My approach typically begins with observing phenomena, reflecting on my observations, and, crucially, engaging with market entities to understand how they perceive the world and respond to its changes. This is the fundamental methodology of my research. This process generated some ideas and led to numerous speeches, many of which were insights gained from field investigations. I initially thought these pieces were insufficient to compile into a book, but thanks to the persistence and effort of CITIC Press Group, this collection has come together.
I. The Core Concern of Breaking Through: Why Did High-Speed Growth Slow Down?
The theme of Pathfinding connects with that of Breaking Through, published in 2017. The core issue addressed in Breaking Through was how to understand the end of China’s phase of high-speed growth.
In 2008, the 30th anniversary of China’s Reform and Opening-up, Ronald Coes used his Nobel Prize funds to invite numerous Chinese private entrepreneurs, government officials, and scholars to the Chicago Booth School of Business to discuss China’s reform and opening-up experience. Looking back now, that marked the peak of China’s 30 years of high-speed growth. After 2008, the growth rate began to slow, descending a step every few years.
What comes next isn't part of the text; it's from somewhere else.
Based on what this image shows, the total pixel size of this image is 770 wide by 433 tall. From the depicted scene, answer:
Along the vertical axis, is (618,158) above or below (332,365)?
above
This phenomenon became a question demanding an answer, which the previous book, Breaking Through, attempted to provide.
The Causes of High-Speed Growth
To understand why high-speed growth changed, we first need to understand how it was achieved. It is a clear, fundamental fact that without the policy of Reform and Opening-up, there would have been no high-speed growth. High-speed growth emerged from interaction and engagement with the global community after opening up. Why did the opening-up policy initiated in 1978 trigger such rapid growth? My fundamental view, expressed in that collection, is this: Since modern times, China had low per capita income and low wage levels. Without opening up, relying solely on self-reliant development, we might have needed a much longer period to achieve significant improvement, and success was not guaranteed. Once China opened up, placing the relentless efforts of its people and the proactive drive of its enterprises within a global context, especially when evaluated against developed country markets, proved highly competitive.
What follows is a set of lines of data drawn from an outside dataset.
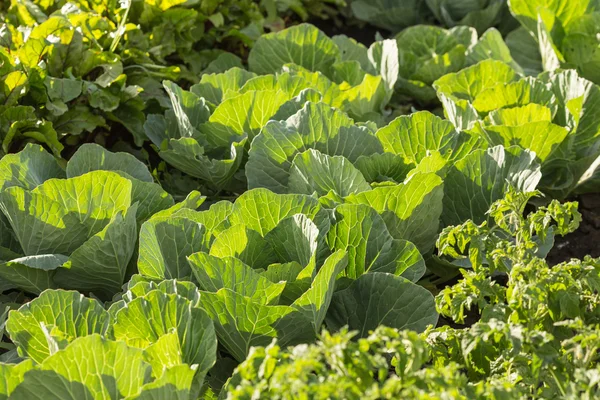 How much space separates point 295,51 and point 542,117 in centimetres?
142

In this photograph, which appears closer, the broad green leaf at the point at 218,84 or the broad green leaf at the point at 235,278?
the broad green leaf at the point at 235,278

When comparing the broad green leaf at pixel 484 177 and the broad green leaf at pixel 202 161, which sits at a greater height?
the broad green leaf at pixel 202 161

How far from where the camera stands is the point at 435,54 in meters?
4.51

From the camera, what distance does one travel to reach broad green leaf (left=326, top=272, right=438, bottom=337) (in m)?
2.66

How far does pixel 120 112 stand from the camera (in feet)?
12.7

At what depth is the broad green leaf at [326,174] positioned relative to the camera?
9.79 ft

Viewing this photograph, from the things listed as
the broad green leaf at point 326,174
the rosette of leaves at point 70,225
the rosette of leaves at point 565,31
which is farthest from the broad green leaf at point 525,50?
the rosette of leaves at point 70,225

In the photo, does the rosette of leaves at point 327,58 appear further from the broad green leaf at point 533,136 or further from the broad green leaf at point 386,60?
the broad green leaf at point 533,136

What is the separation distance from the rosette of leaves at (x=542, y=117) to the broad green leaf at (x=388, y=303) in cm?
102

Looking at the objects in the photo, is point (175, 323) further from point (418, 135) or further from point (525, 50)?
point (525, 50)

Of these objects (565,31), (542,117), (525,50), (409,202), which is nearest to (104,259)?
(409,202)

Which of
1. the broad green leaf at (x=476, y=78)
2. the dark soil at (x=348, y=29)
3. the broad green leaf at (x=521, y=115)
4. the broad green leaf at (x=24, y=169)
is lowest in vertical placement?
the dark soil at (x=348, y=29)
Why was our competitiveness so strong? Around 2002, to investigate this issue, particularly why China had such a large trade surplus while the US had a high deficit, a US Congressional delegation was sent to China. Their report indicated a vast gap between the wages and benefits of workers in China’s private and state-owned enterprises compared to their American counterparts, with Chinese levels at just 3% of the US. The report thus concluded that cost advantages allowed Chinese products to sell well in the US market.
While this conclusion captured a characteristic of the era, it was overly simplistic. If low wages alone guaranteed competitiveness, then looking back 20 years, wages were even lower. Taking myself as an example: during the restored college entrance exams in 1978, I was working in the Heilongjiang Production and Construction Corps, part of the state system. When I returned to Beijing for university, my monthly salary of 44.6 yuan was considered high among my classmates. Wages were lower then, so why wasn’t there export-driven high-speed growth back then?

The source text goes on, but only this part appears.